A Milano c’erano stati solo in gioventù. Poi, può immaginare: per mandare avanti la famiglia, la numerosa famiglia: quattro figli, non riuscirono più a recarsi nel blasonato Nord. Ebbene, in vecchiaia, per ragioni superiori, costretti anche dai figli che gli volevano bene, si recano nella città più europea d’Italia. E anche più cinese, ma questo è un altro discorso. Fanno le valigie, non più di cartone: non ci sono più, dai cinesi con 10 euro ne trovi anche piuttosto grandi che non basterebbe un mese per fabbricarle, non ho mai capito come ci riescano.

Ad ogni modo, arrivano a Milano e vanno in ospedale. Lo so, questa coppia, come tanti, non fanno altro che arricchire il Nord perché alla fine del trattamento ti chiedono il paese e la regione di residenza. E quando dici Calabria, ecco che è fregata la Calabria. Con la Lombardia che addebita il prezzo del ricovero alla regione. E sono dolori per la Calabria perché accresce quel famoso debito del Pil di cui tanto si sente parlare. Allora, prendono posto in un B & B. Solo lei. Lui in ospedale.

Dopo alcuni giorni, curioso, il signore di Bisignano chiede di poter parlare con il luminare di cui tanto aveva sentito parlare. Che gli avrebbe risolto il problema. Tra qualche giorno, gli dicono, prima ci sono le visite di routine. Dopo cinque lunghi giorni finalmente lo incontra. È gentile, premuroso. Però aveva qualcosa che non lo convinceva. Possibile diceva alla moglie? Cosa? Chiedeva lei. Mi sembra strano. Mi sembra delle nostre parti. Si fa coraggio e gli dice: “Ma voi di dove siete?” “Perché me lo chiedete?” Ecco, il “voi” anziché del “lei” lo tradisce come un lapsus. Perché il “voi” si usa quasi solo nel Meridione per una riverenza culturale verso le persone che meritano rispetto, e i medici lo meritano più degli altri.

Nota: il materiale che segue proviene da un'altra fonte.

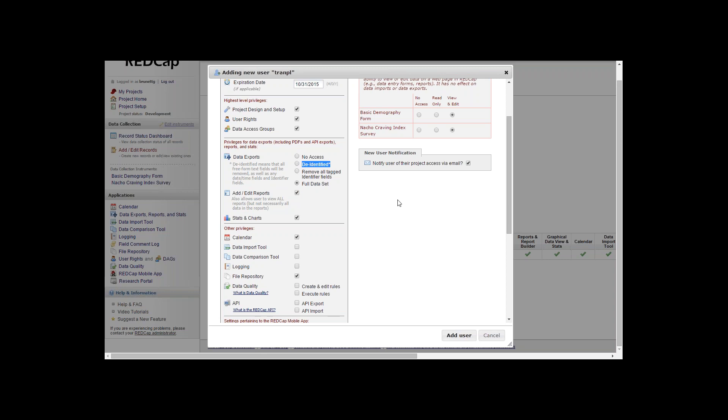You can give them a full data set if you'd like for them to have the full data set to export, or you can give them no access to export data.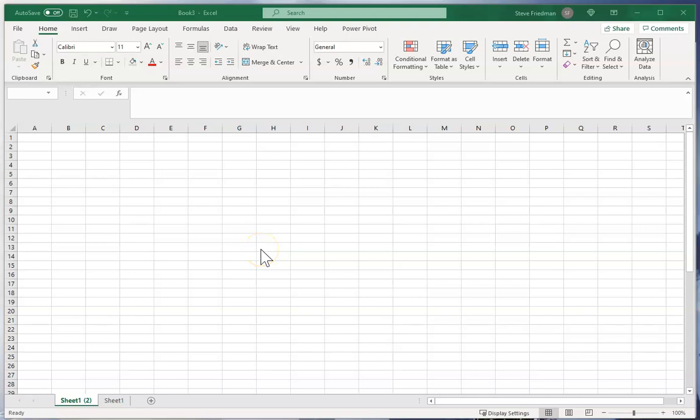Hi, I'm Steve Friedman with Rockstar Excel. Today I'm going to show you something most people have no idea Excel can do. You can use Excel to research things from external information sources and then fill in facts on your spreadsheet without you having to look them up yourself. Let me show you.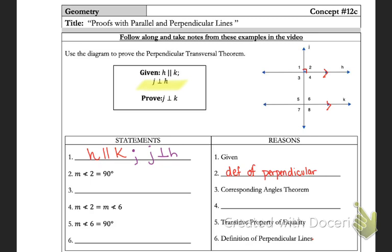For number three, it tells me I'm going to be working with corresponding angles. Looking down below, they're comparing angle two and angle six, and in the picture angle two and angle six are corresponding angles, so I'll state that they're congruent because that's what the corresponding angles theorem tells me. Then we go from a statement that the angles are congruent to the measures being equal — that's the definition of congruent angles.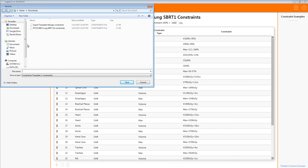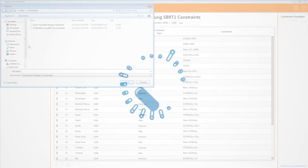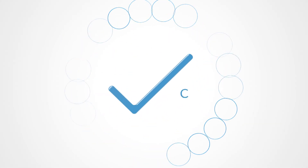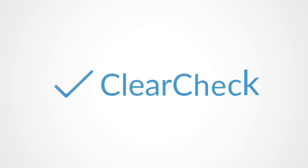This concludes importing and exporting constraint templates. ClearCheck — Efficiency through simplicity.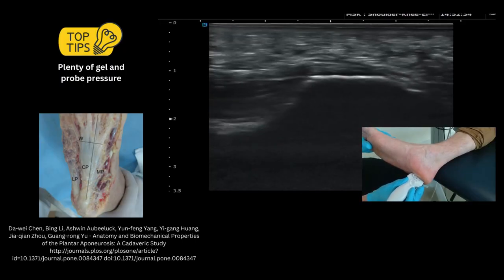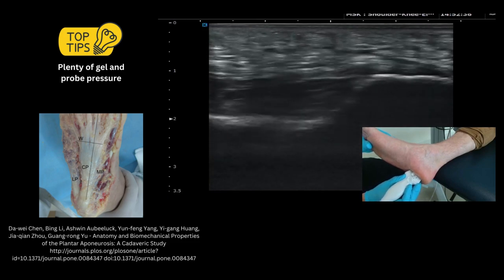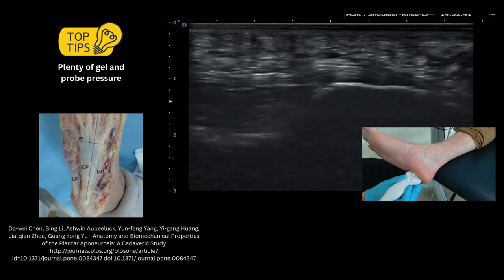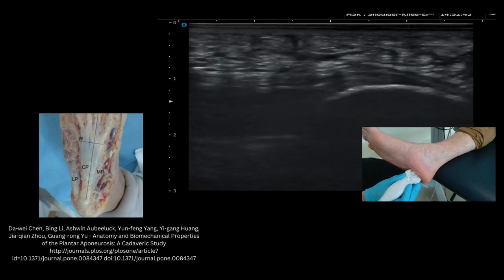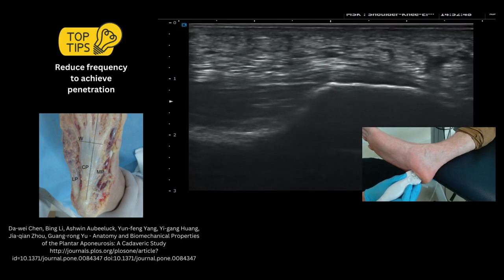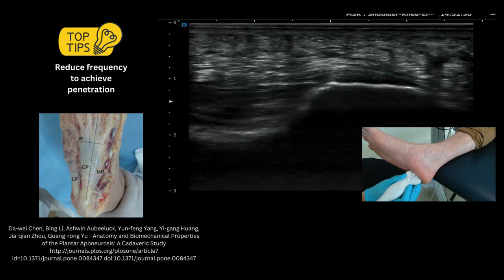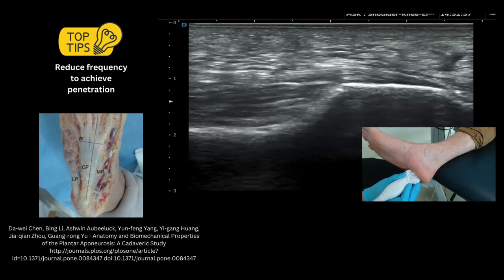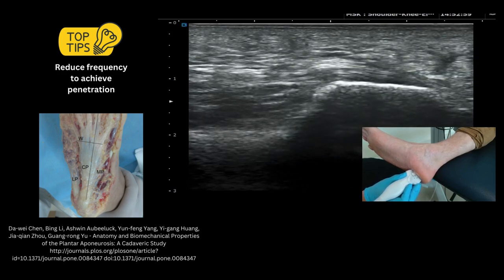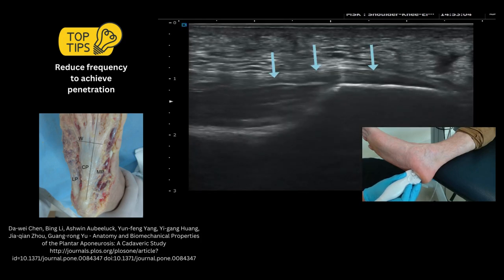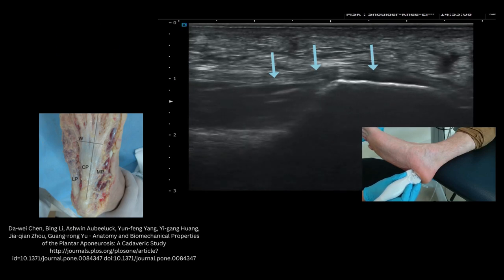This is a live scan of the plantar fascia. The patient is lying and we can see the calcaneus very nicely. We can use the windlass mechanism to ensure that we're on the right structure, optimizing our depth to see this image very clearly. Reducing frequency will enable greater penetration of sound waves but potentially lose resolution — this lower frequency image shows the plantar fascia nicely but with a little less resolution. Changing frequency back up again, you can see the plantar fascia very clearly.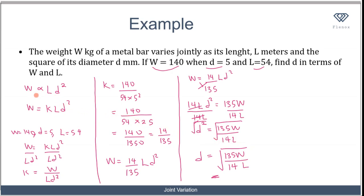To recap: we interpreted the question, removed the proportionality sign by adding an equals sign and a constant, found k to be 14 over 135 from the given instance, substituted it into the general equation, then made d the subject of the formula. The final answer is d equals the square root of 135w over 14l. Now let's look at one last example involving joint variation.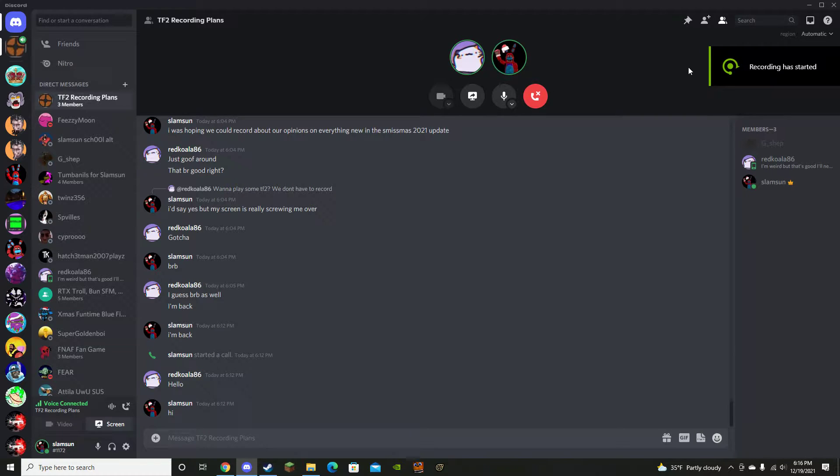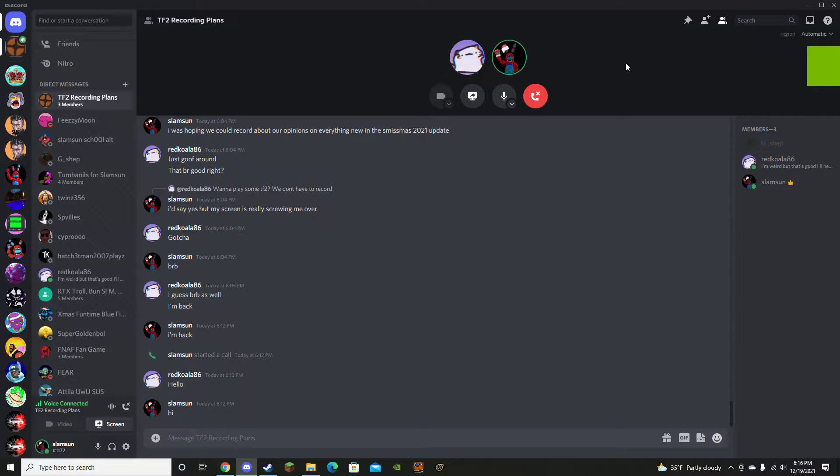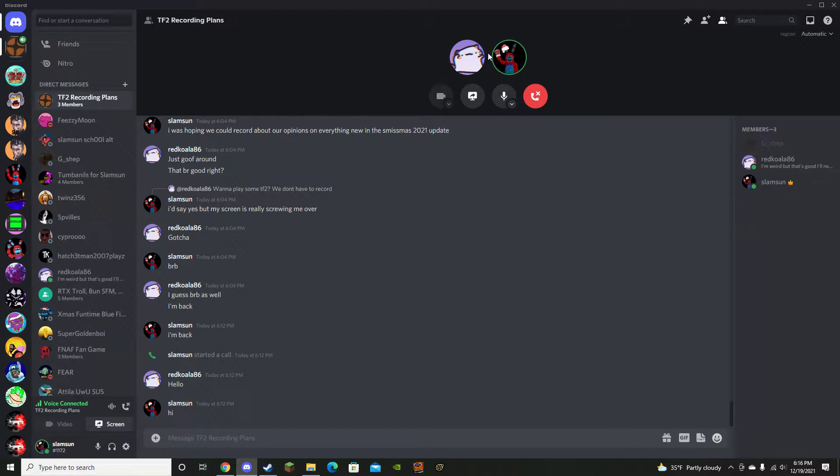Hey guys, Slamsyn here, so today we're gonna be talking about the new Christmas update. It's not really that new, it's been out for a month now, but shut up.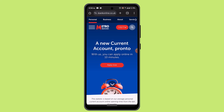After submitting the deposit, you will receive a confirmation saying that you have successfully deposited the check. You can then wait for a processing time and keep checking on it.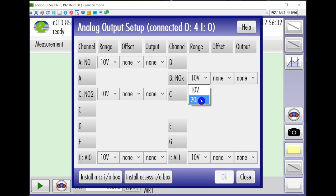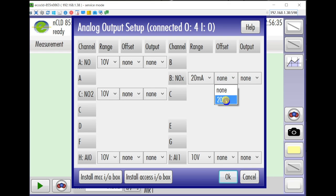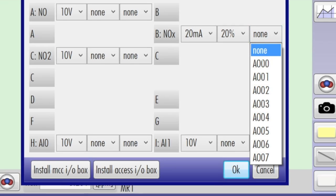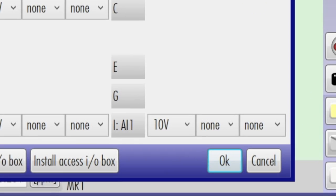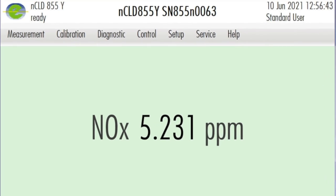For the signal type or ring choose 20mA and for the offset choose 20%. The output number corresponds to the pin out position on the USB 3102 box. So output A000 corresponds to IO 0 on the USB 3102 box.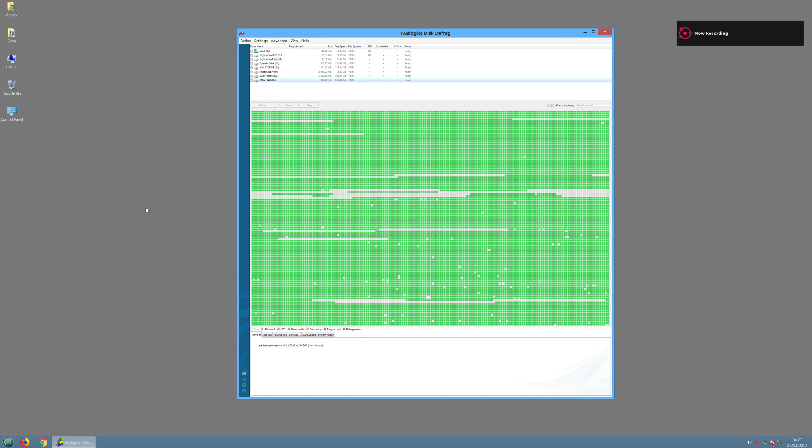Today we're going to show you how to use a program called Auslogix Disk Defrag. It's a free program that you can download for a Windows PC, and the idea is that it will help you to optimize your SSD or your hard drive to work a little bit quicker.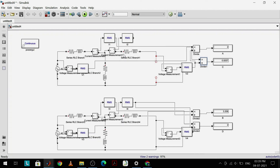These are my ABCD parameters. I can see that the A and D parameters are coming out to be the same, which means our connections are correct. That's it for this video — I'll share the .slx file along with this video.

“Sono di Bisignano”, risponde il primario. Il vecchio non ci voleva credere. Ma come? Sono qui per niente? Perché non siete tornato voi in Calabria? Il suo sguardo parlava da solo. Poi il medico l’abbraccia e lo rassicura. “Tranquillo, ci penso io. Ti curo e ti aiuto io. Amico mio.”

Cara Ministra Grillo,

con questa storiella non voglio influenzarla. La Calabria è così. Come un funambolo. In perenne conflitto tra la perdizione e l’ebbrezza dell’eccellenza. In fondo è una caratteristica come tante. Tutti ne hanno almeno una. Il vero problema non è l’eccellenza, questa fa sempre piacere. Ma il contrappasso che siamo costretti a sopportare. Per ogni talento c’è un contrappasso. E il contrappasso della Calabria che nel mondo semina eccellenza è la bassezza che rilasciano questi figli quando se ne vanno. Ovviamente, parlo per grandi linee perché ci sono delle eccellenze che rimangono in Calabria. Testardi come capre. E sono quelle che permettono ad altre di volare.

Ecco, cara ministra,

nel decreto che sta per produrre, la prego. Cacci via a pedate quelli che tagliano le ali alle eccellenze che già abbiamo in loco. Sa, fanno male questi. Sono quelli che fanno morire le persone per una febbre o per una infezione. Li mandi via. Li rimandi a studiare. E poi riguardo ai calabresi che lavorano fuori, faccia in modo che ritornino. Non solo per la Calabria, ma per quel famoso Pil che tanto filo torcere dà agli economisti che non sanno che pesci pigliare quando devono fare i conti con una Sanità del Nord che va bene e si arricchisce sulle spalle del Sud grazie a quelli del Sud. Non è facile far quadrare i conti. Se rimangono al Sud è più facile. Me lo dice anche mio nipote che fa la terza elementare. E che ha imparato a fare le divisioni e le moltiplicazioni, oltre alle sottrazioni. Due più due fa quattro. E anche due per due.